Concurrent Prebiotic Formation of Nucleoside-Amidophosphates and Nucleoside-Triphosphates Potentiates Transition from Abiotic to Biotic Polymerization.
Huacan LinEddy I JiménezJoshua T ArriolaUlrich F MüllerRamanarayanan KrishnamurthyPublished in: Angewandte Chemie (International ed. in English) (2021)
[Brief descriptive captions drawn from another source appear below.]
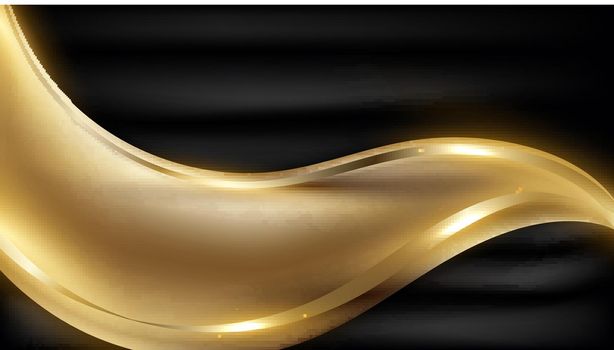 Abstract luxury background black and golden wave ribbon lines with light effect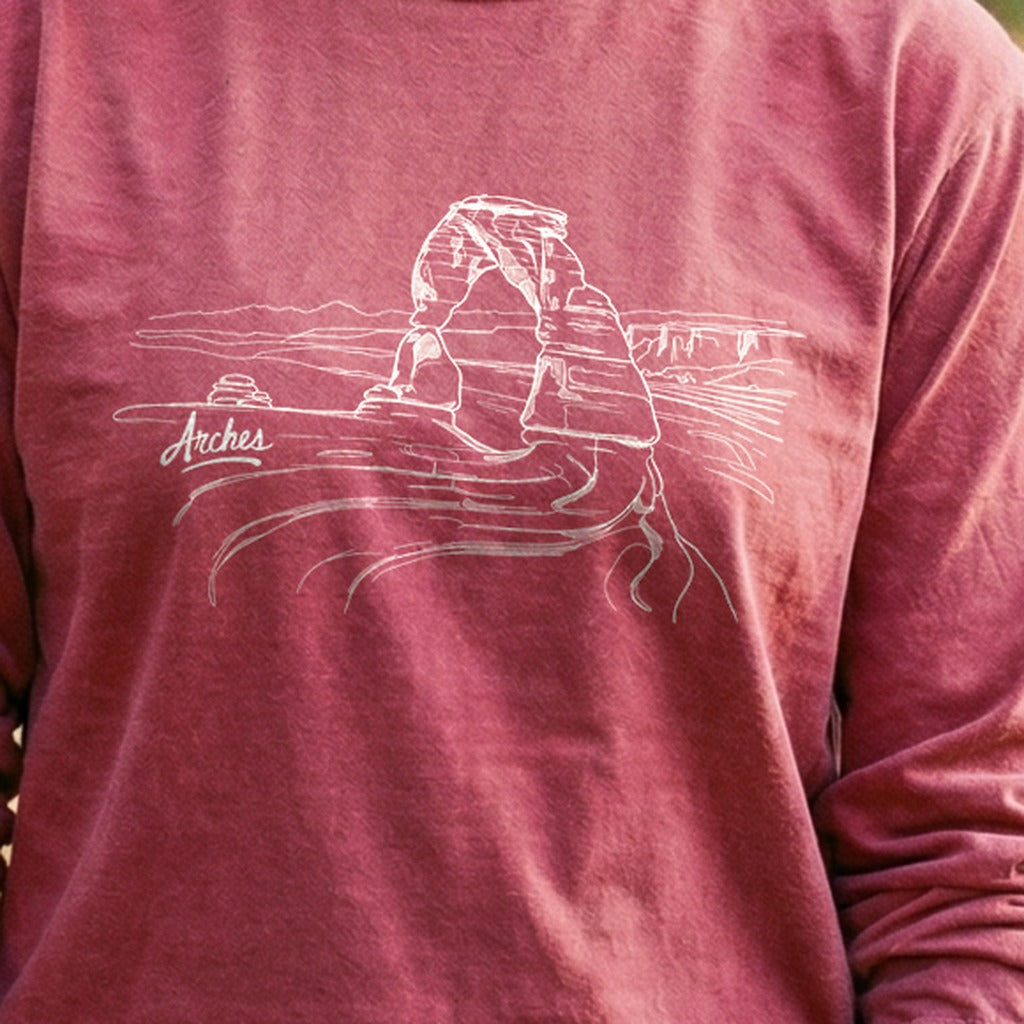 Arches Line Drawing Cotton Long Sleeve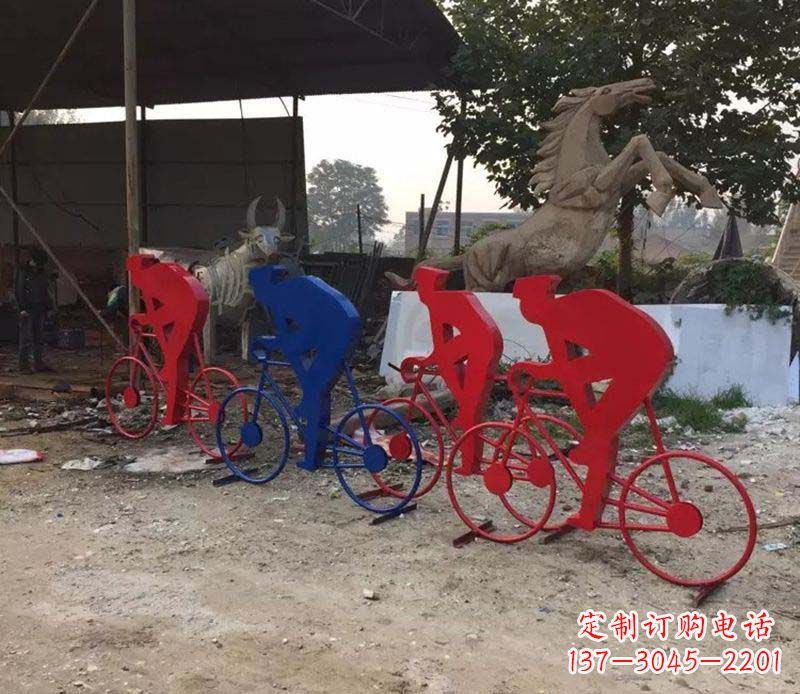 潍坊不锈钢骑自行车雕塑一种经典的艺术形式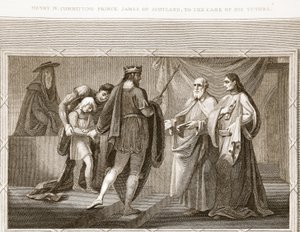 Heinrich IV übergibt Prinz James von Schottland in die Obhut seiner Lehrer, Illustration aus David Humes The History of England, veröffentlicht von R. Bowyer, London, 1812 von English School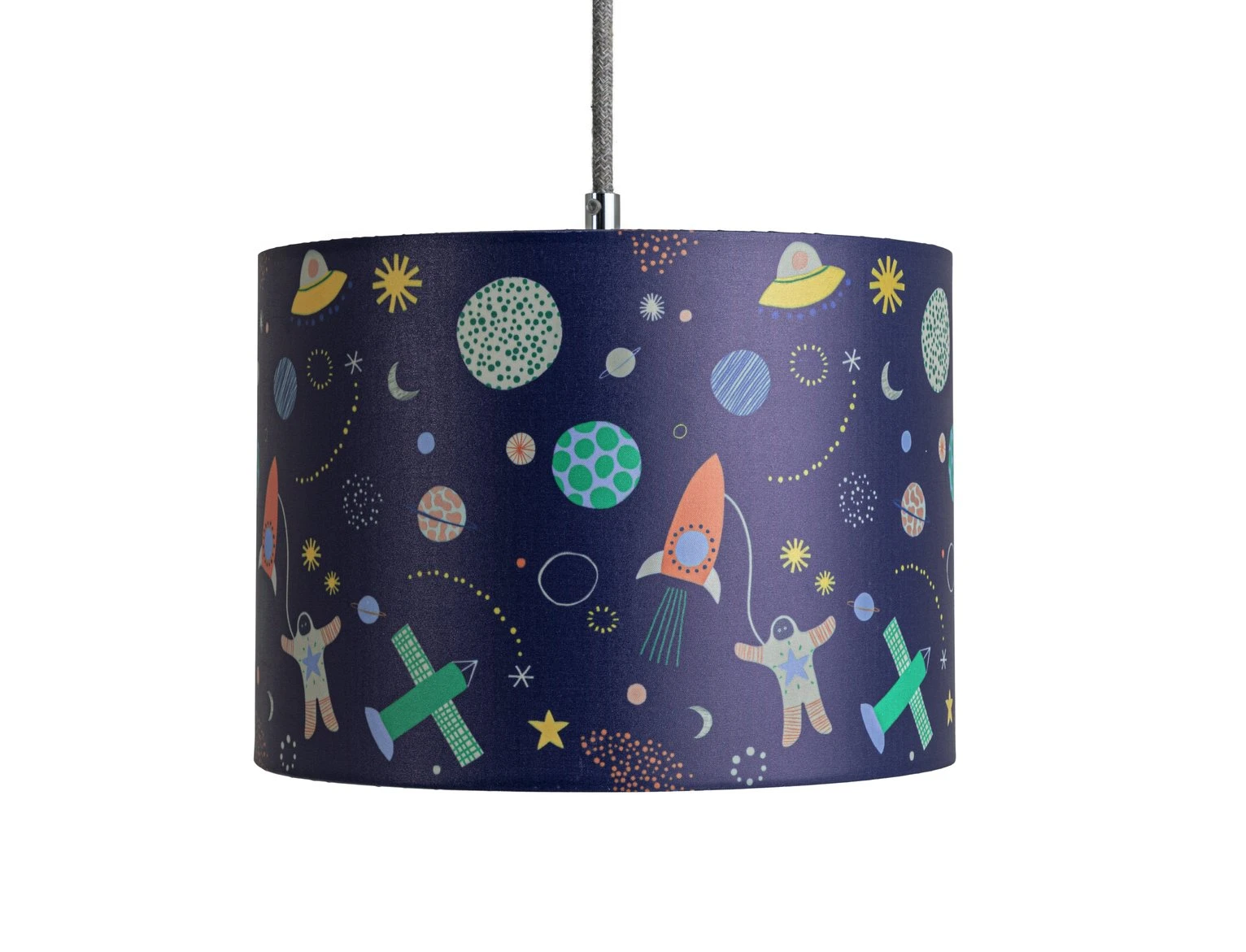 Habitat Kids Space Glow In The Dark 25cm Drum Shade - Blue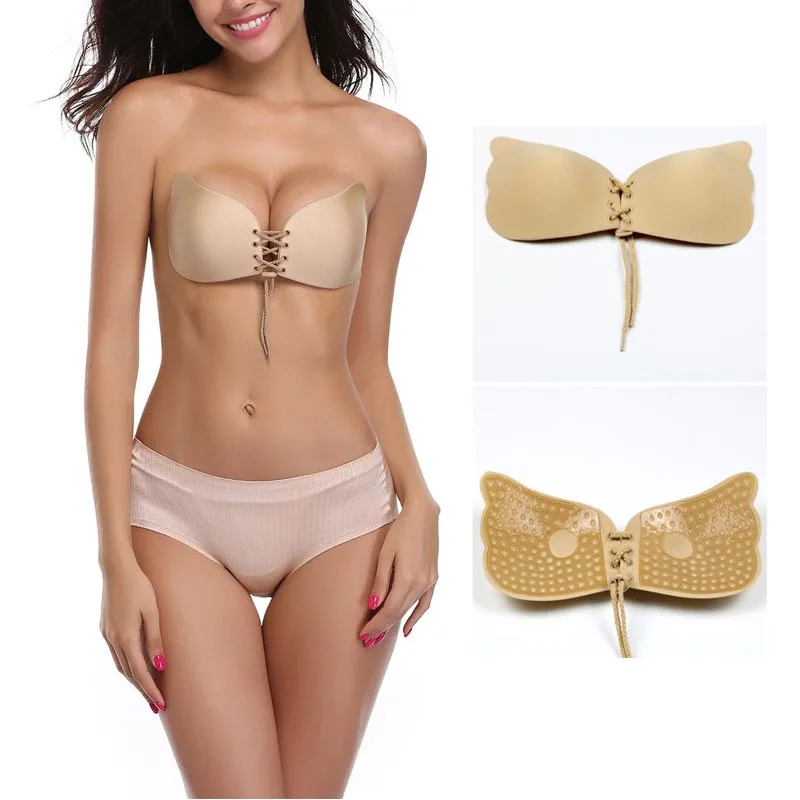Sexy Strapless Backless Invisible Bra Push Up Silicone Drawstring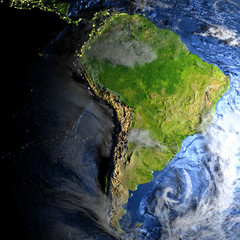 Fototapeta na wymiar South America on Earth - visible ocean floor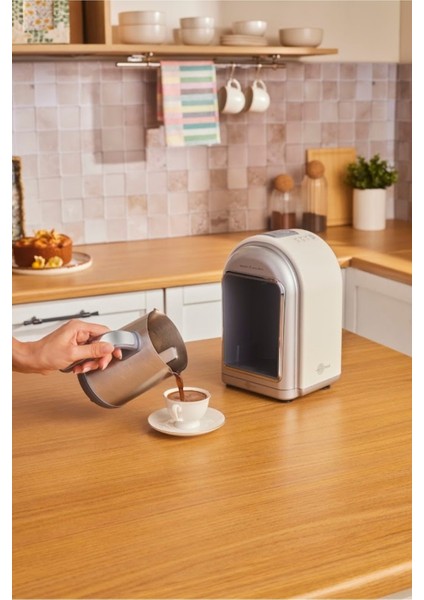 Sütlü Çelik Cezveli Türk Kahve Makinesi 5 Fincan Kapasiteli Swiss Cream modelleri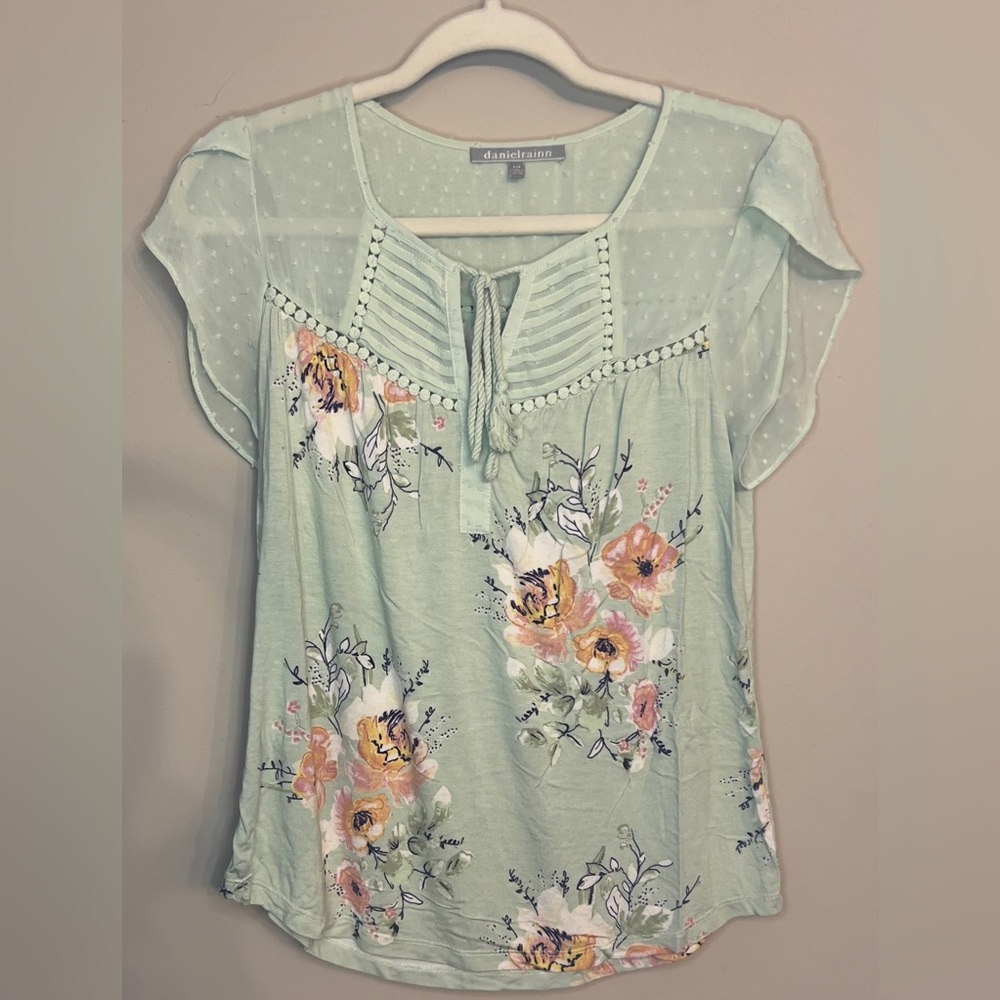 COPY - Floral mint green shirt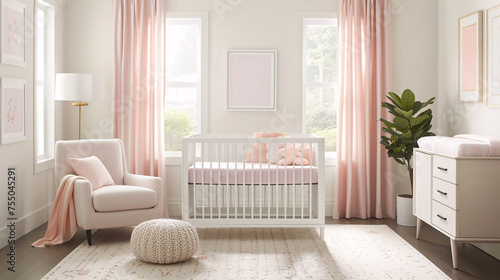 A warm and minimalist welcoming pink nursery designed for baby  newborn bedroom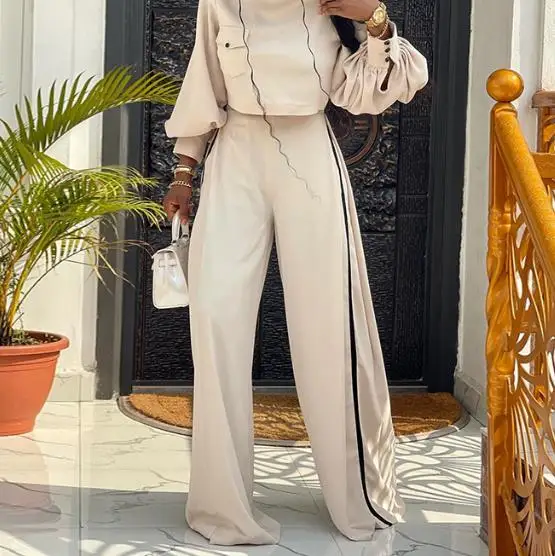 New Hot Selling 2023 Fashion Women's Large Loose Half High Neck Long Sleeve Top Wide Leg Pants Casual Pants Set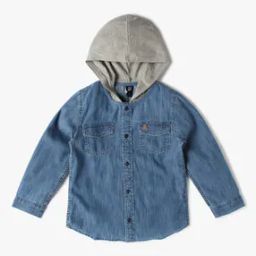 Organic Cotton Hooded Button-Down Shirt-image-38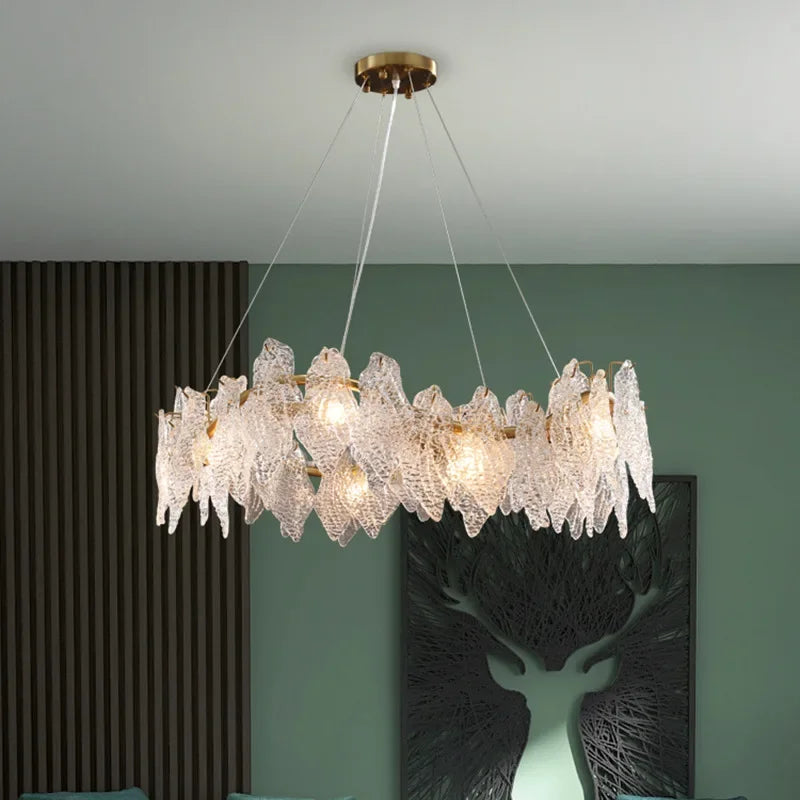 Afralia™ Wavy Gold Crystal Chandelier LED Pendant Light for Nordic Home Decor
Polymerization of nucleic acids in biology utilizes 5'-nucleoside triphosphates (NTPs) as substrates. The prebiotic availability of NTPs has been unresolved and other derivatives of nucleoside-monophosphates (NMPs) have been studied. However, this latter approach necessitates a change in chemistries when transitioning to biology. Herein we show that diamidophosphate (DAP), in a one-pot amidophosphorylation-hydrolysis setting converts NMPs into the corresponding NTPs via 5'-nucleoside amidophosphates (NaPs). The resulting crude mixture of NTPs are accepted by proteinaceous- and ribozyme-polymerases as substrates for nucleic acid polymerization. This phosphorylation also operates at the level of oligonucleotides enabling ribozyme-mediated ligation. This one-pot protocol for simultaneous generation of NaPs and NTPs suggests that the transition from prebiotic-phosphorylation and oligomerization to an enzymatic processive-polymerization can be more continuous than previously anticipated.